Este libro de Pío Moa no es una historia sistemática, profesional, del GRAPO, sino el testimonio personal de uno de sus principales militantes. Se integra en la serie La oposición al régimen de Franco (en la que ya ha aparecido el libro sobre la Democracia Cristiana de Donato Barba), porque esa serie se ha concebido de esta forma: para dar cabida a relatos históricos convencionales y a testimonios como este libro.
La narración de Pío Moa —que es autobiográfica— está escrita con el propósito de no entrar en juicios.

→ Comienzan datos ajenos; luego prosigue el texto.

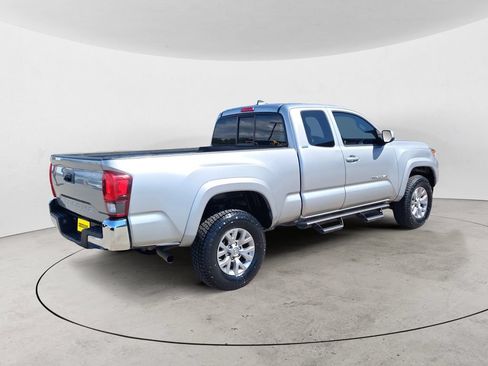 Used 2018 Toyota Tacoma SR5 w/ SR5 Appearance Package (SM) RWD image 5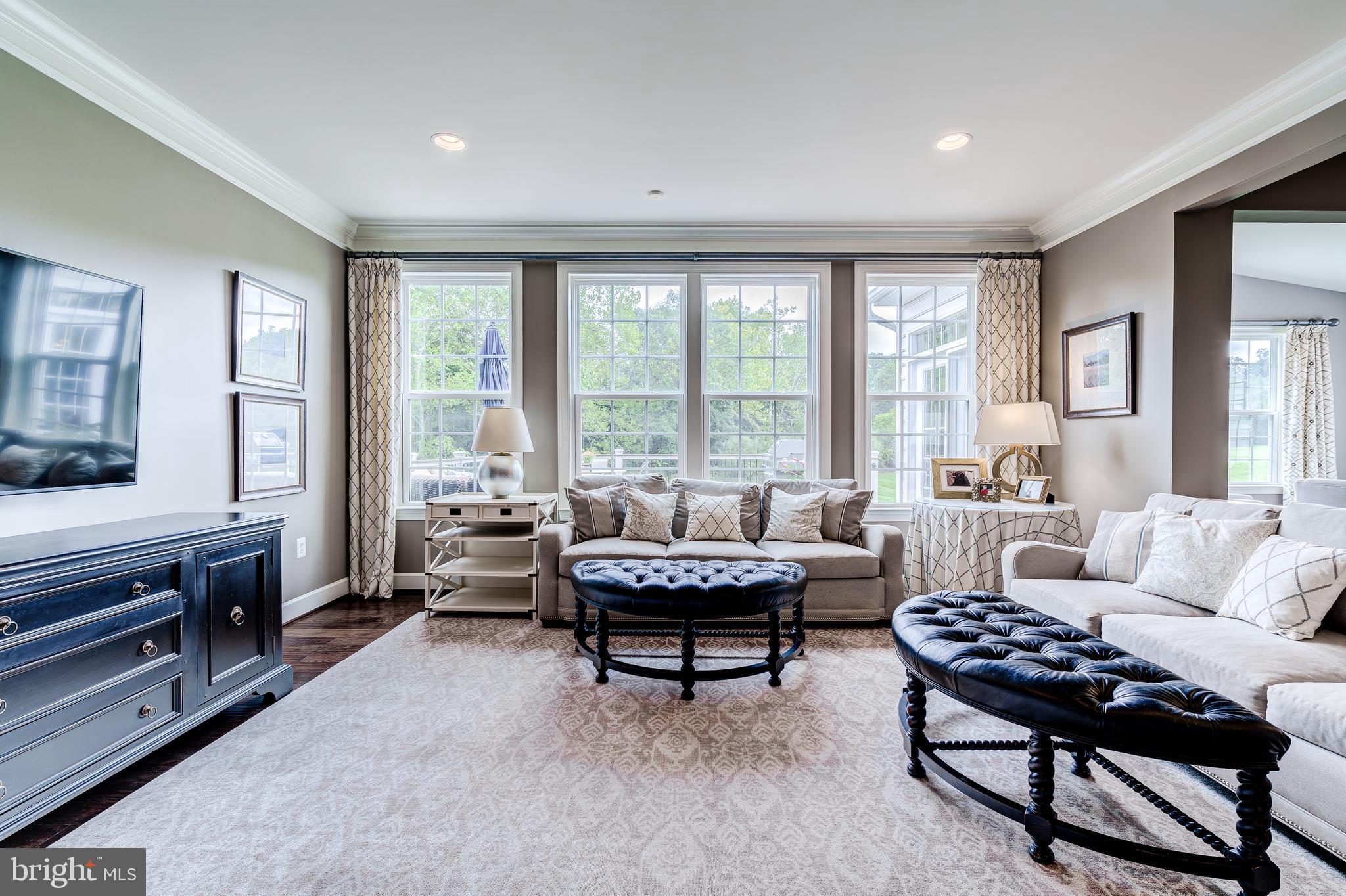 HUNTLEIGH AT CREIGHTON FARMS - Residential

A mí, personalmente —y a muchos como a mí—, me consta que el autor no piensa hoy como pensaba entonces. Pero ha tenido la ecuanimidad —en cierto modo, consigo mismo— de no entrar en confesiones de culpa, tampoco en justificaciones, y se ha limitado a dejar una página para la historia.
Eso hace la obra especialmente instructiva y útil. Pone al descubierto varias cosas importantes. Una es cómo un grupo minúsculo puede remover las entrañas de todo un Estado si es capaz de romper las reglas de juego y situarse al margen de la ley. En este sentido, las páginas de Pío Moa muestran, tácitamente, la vulnerabilidad del Estado de derecho; cosa, por lo demás, que ha quedado clara, en proporciones gigantescas, con los atentados del 11 de septiembre del 2001 en Nueva York, pero que sucedían antes y han seguido ocurriendo. Porque no tienen solución. O no tienen —mejor— más solución que la que se dirime en el alma humana. Hace años —en la época del intervencionismo y, en España, de dictadura— nos parecía mal que, en el siglo XIX, remitiera Donoso Cortés a la caridad la solución de los problemas sociales relativos a la justicia; nos parecía, por eso, paternalista; los pobres —alegábamos— no tienen que pedir, ni mucho menos que esperar; tienen que exigir y tomar lo que es suyo. Hoy, agonizante el Welfare State y respaldados y asegurados por las leyes los derechos humanos, resulta que el propio marco de libertades que hemos creado se vuelve contra nosotros si alguien rompe la baraja. Y la rompen muchos. El cuadro de libertades sólo es sostenible del todo si hay buena voluntad (o caridad, como decía Donoso).
Otra cosa que pone de relieve este libro, de forma sorprendente, es que sus protagonistas —los «grapo— no tenían conciencia de ser precisamente una minoría, sino que estaban convencidos de que eran unos meros adelantados de lo que la sociedad demandaba con prisas. Creían que los españoles estaban esperando a que alguien hiciera la revolución, para, en el momento en que eso sucediera, echarse a la calle, en masa, y secundar la rebelión. Es sorprendente. Y la mayor —y más trágica— miopía que pueda imaginarse. El único sentido político del GRAPO era, en último término, ése: no eran delincuentes sin más, sino mesiánicos soñadores de que representaban la voluntad de la mayoría; simple mecha de la bomba que creían estaba latente en el tejido social español. Sólo que, como no era así, no hubo nunca revolución —afortunadamente— y la historia del GRAPO fue la de una violencia inútil para sus fines, además de dañina.